Somente em junho, o setor abriu 162 postos de trabalho no estado. O desempenho superou o registrado no mesmo mês de 2025, quando o agro acreano havia criado 99 vagas.
Pecuária impulsiona contratações
Senador Guiomard e Rio Branco tiveram os maiores números de admissões no mês, com 53 contratações cada. Nos dois municípios, o destaque foi o segmento de frigoríficos e abate de bovinos, reforçando a importância da cadeia pecuária para o mercado de trabalho estadual.

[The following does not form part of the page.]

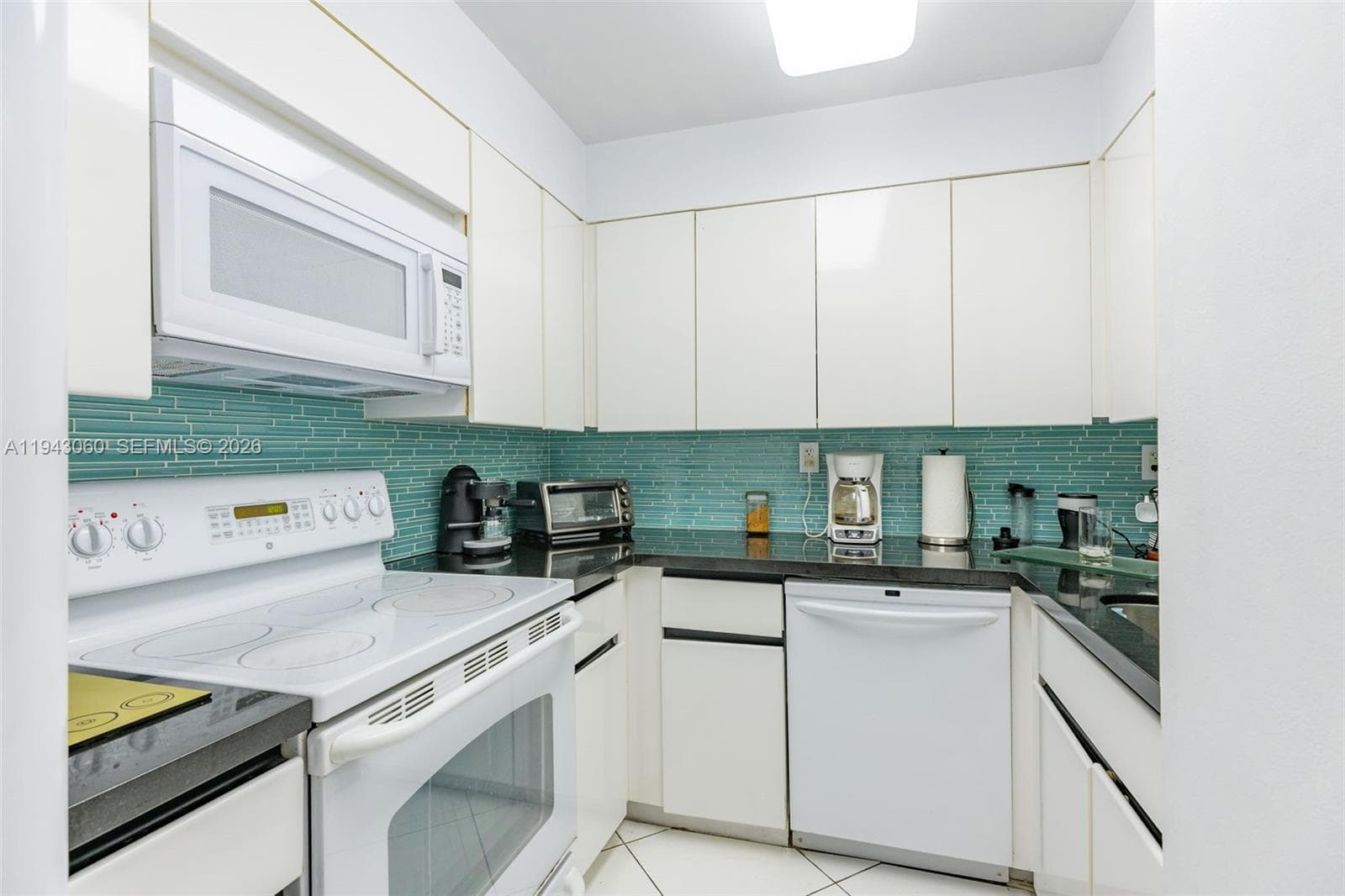 THE STERLING CONDO · #1905 in Miami Beach - Photo 10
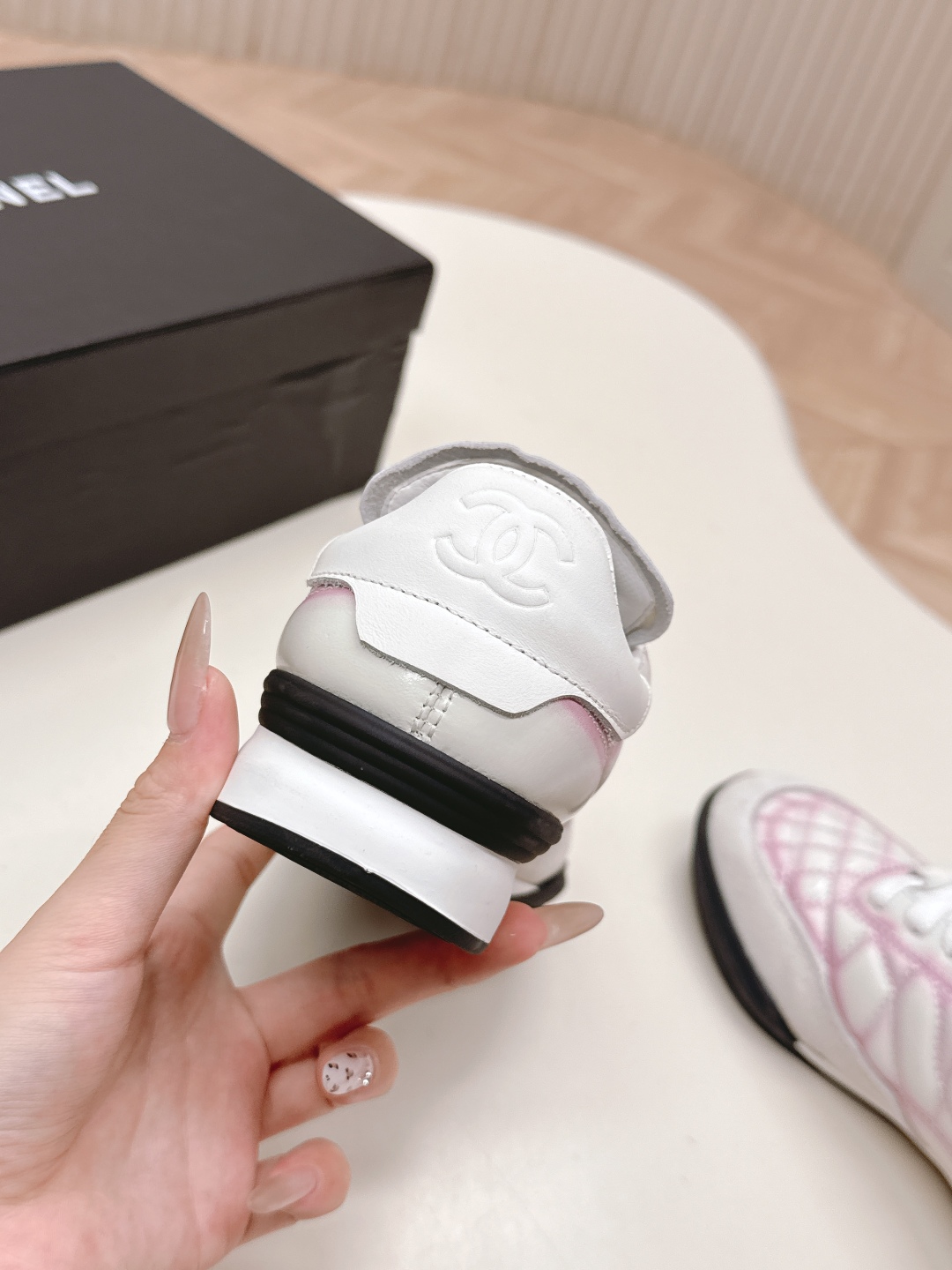 C Design's new Chanel-style suede round-toe diamond-patterned platform sneakers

Bujari registrou 37 admissões na criação de bovinos para corte. Brasiléia teve 29 vagas relacionadas ao abate de aves, enquanto Sena Madureira contabilizou 27 contratações em serrarias com desdobramento de madeira em bruto.
Acre tem perfil diferente do cenário nacional
O Acre terminou junho com saldo de 162 vagas no agro. No conjunto da Região Norte, foram criados 572 postos. O Pará apresentou saldo de 704 vagas, o Amazonas abriu 16 e Rondônia fechou 464 postos.
No país, o agronegócio criou 30,5 mil empregos formais em junho, com 243,6 mil admissões e 213,1 mil desligamentos. No acumulado do ano, o saldo nacional chegou a 90,2 mil novas vagas.
Em âmbito nacional, os cultivos de laranja e café e os serviços de preparação de terreno, cultivo e colheita lideraram a geração de oportunidades. No Acre, a maior participação veio de atividades relacionadas à pecuária, frigoríficos, avicultura e madeira.